Prompt: Nothing in the listing should be altered when it is copied, and no picture goes into the copy.

Supplied data:
-=-=-=-=-

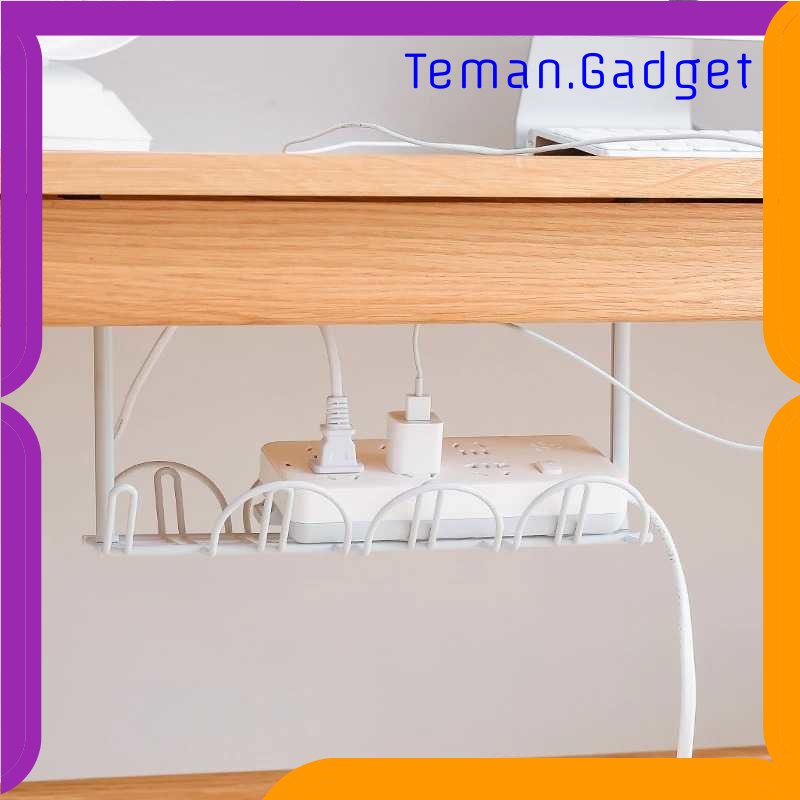 TG-RAK HOURONG Rak Gantung Bawah Meja ABS Under Table Storage Cable Organizer - WMT22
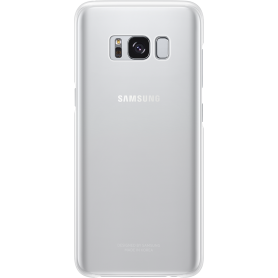 Coque rigide Samsung EF-QG950CS argentée transparente pour Samsung Gal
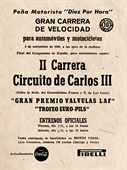 1963 - CIRCUITO CARLOS III, BARCELONA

-=-=-=-=-

Expected output:
 TG-RAK HOURONG Rak Gantung Bawah Meja ABS Under Table Storage Cable Organizer - WMT22
 Coque rigide Samsung EF-QG950CS argentée transparente pour Samsung Gal
 1963 - CIRCUITO CARLOS III, BARCELONA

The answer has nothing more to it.